5. Fairchild C-119 Flying Boxcar: Flight of the Phoenix (2004)
This slightly underrated survival drama features a transport plane crash-landing in the middle of the desert, in a flurry of exciting practical effects. By the way, the 2004 movie is a remake of 1964 James Stewart vehicle, which featured less exciting on-screen crash, but had a very real tragedy behind the scenes, as a makeshift plane cartwheeled during production, killing a stuntman.
4. Fairchild FH-227D: Alive (1993)
Dramatizing the struggle of Uruguayan Air Force Flight 571 survivors, the film shows the plane being torn apart after impacting a mountain in a convincing fashion, and proceeds to follow it as the limbless fuselage carries remaining passengers down the slope.
3. Airbus A320: Sully (2016)
Very low-key and not action-oriented, the crash – just as the film itself – is a slight dramatization of US Airways Flight 1549. It represents real events beautifully, without flashy exaggerations and deserves respect for that.
2. Hughes XF-11: Aviator (2004)
We tried to keep military aircraft out of this list, and focus on the civilian side of aviation instead.

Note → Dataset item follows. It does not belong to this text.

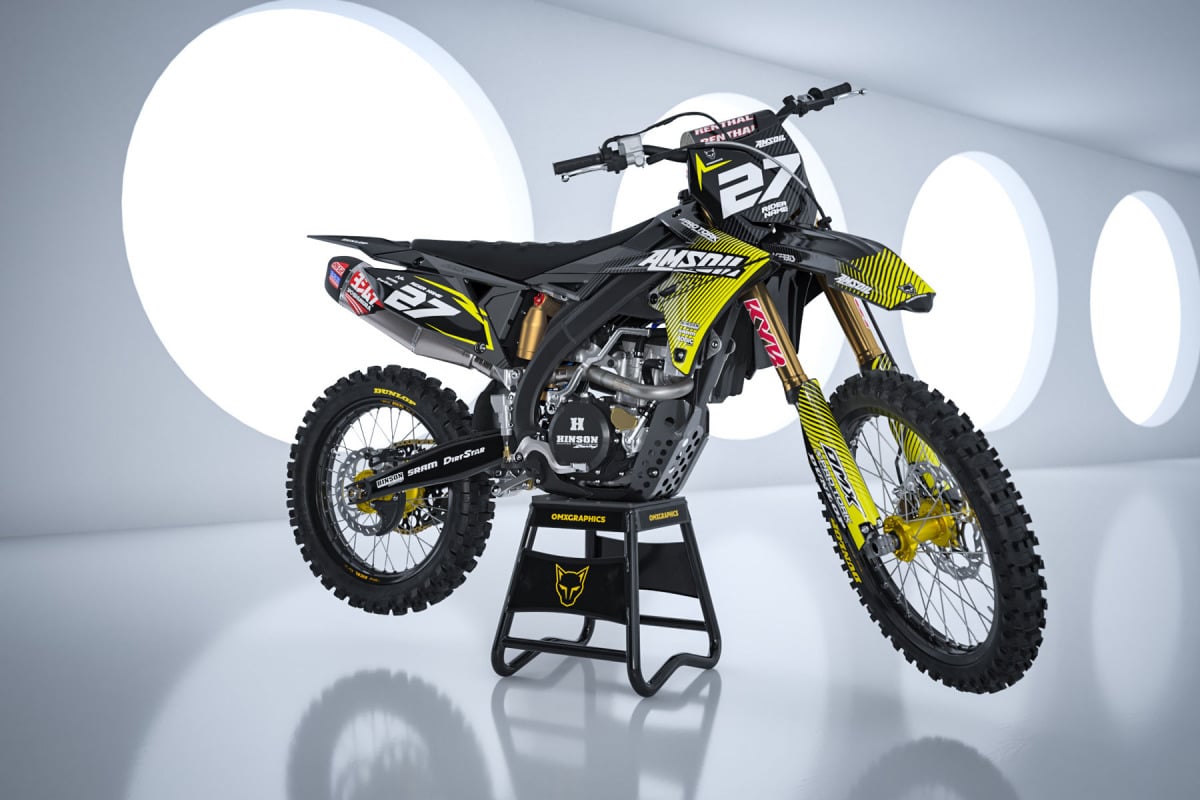 High Quality Suzuki RMZ 450 Graphics Kit Throttle Promo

But there is no denial that at least one cinematic crash of a military aircraft – Howard Hughes demolishing a row of Beverly Hills houses on a maiden flight of his prototype – is too impressive not to include. Masterful directing by Martin Scorsese makes the scene suspenseful, haunting and respectful to the real event it is based on.
1. Boeing 747-200F: Tenet (2020)
Overshooting his effects-making achievement in Dark Knight Rises, Christopher Nolan decided – reportedly, for budgetary concerns – to crash a real retired jumbo jet in his latest film. The 747-200M, serial number 22105, was manufactured in 1981 and flew with a number of airlines, before being converted to a freighter in 1997, and continuing its service with Air Hong Kong, and later – Cathay Pacific. In 2019, it was purchased by the film production company, painted in fake Norskfreight livery, and smashed into a hangar wall in California. The crash is shown in great detail, from different… err… perspectives, allowing the viewers to enjoy one of the most impressive spectacles ever put on film.
By the way, even without crashes, most of these are rather enjoyable films in themselves. So, feel free to use this list as a companion to our other lists of recommended aviation movies!